What is Talmud Tweets?

What is Talmud Tweets? A short, personal take on a page of Talmud - every day!

For several years now, I have been following the tradition of "Daf Yomi" - reading a set page of Talmud daily. With the start of a new 7 1/2 year cycle, I thought I would share a taste of what the Talmud offers, with a bit of personal commentary included. The idea is not to give a scholarly explanation. Rather, it is for those new to Talmud to give a little taste - a tweet, as it were - of the richness of this text and dialogue it contains. The Talmud is a window into a style of thinking as well as the world as it changed over the centuries of its compilation.

These are not literal "tweets" - I don't limit myself to 140 characters. Rather, these are intended to be short, quick takes - focusing in on one part of a much richer discussion. Hopefully, I will pique your interest. As Hillel says: "Go and study it!" (Shabbat 31a)

Saturday, December 22, 2012

Shabbat 80 – Cosmetic Consequences

The Mishnah we are still discussing (from page 78b) lists minimum amounts which constitute illegal “carrying” on Shabbat.

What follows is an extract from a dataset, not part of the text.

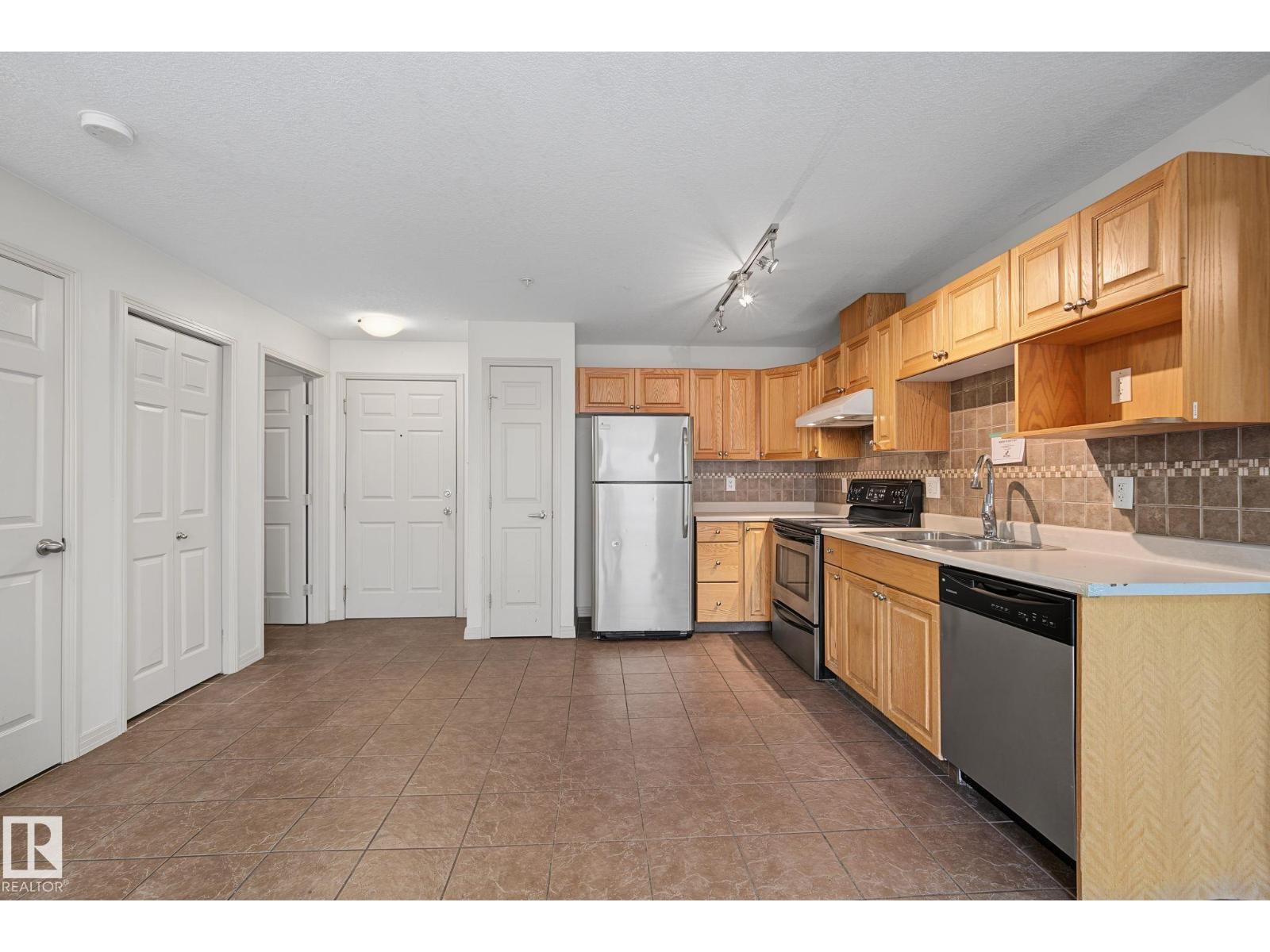 #111 5005 165 AV NW - 11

Two items are among those discussed on this page:

Kachol – (enough) to paint one eye
Lime – (enough) to smear the smallest of girls

Kachol is an eye makeup. Perhaps Stibium (the mineral Antimony [Sb if you must know]) which was used as mascara in the ancient world. And yet, it is curious that the minimum should be sufficient to paint only one eye? Don’t most women have two? And the minimums which have been presented have had to do with usefulness. What use is mascara for only one eye?

Ah, says R. Huna: “Because modest women paint [only] one eye.” That is, they are usually veiled with only one eye revealed. And made up.

Or another solution – perhaps it was used for medicinal purposes, in which case one eye would be a reasonable minimum. And if as makeup, the minimum would be sufficient for two eyes.

Or yet another explanation:

Hillel son of R. Samuel b. Nahmani explained it: This was taught in reference to villagers.

Presumably women living in the small towns were safer from prowling men and could afford to have both eyes revealed. (!)

As to Lime (CaO if you must know) – it was used as a depilatory. But best to let the rabbis speak for themselves:

Rab Judah said in Rab's name: When maidens of Israel attain puberty before the proper age: poor maidens plaster it [the unwanted hair] with lime; rich maidens plaster it with fine flour; whilst royal princesses plaster it with oil of myrrh, as it is said, “six months with oil of myrrh.” (Esth. 2:12)

After a tragic story about the dangerous overuse of such materials, the text continues:

As for R. Bibi who drank strong liquor, his daughter required pasting over; [but] as for us, who do not drink strong liquor, our daughters do not require such treatment.

So. . .don’t drink too much, or you will have hairy daughters! But if you do, their's always cosmetics.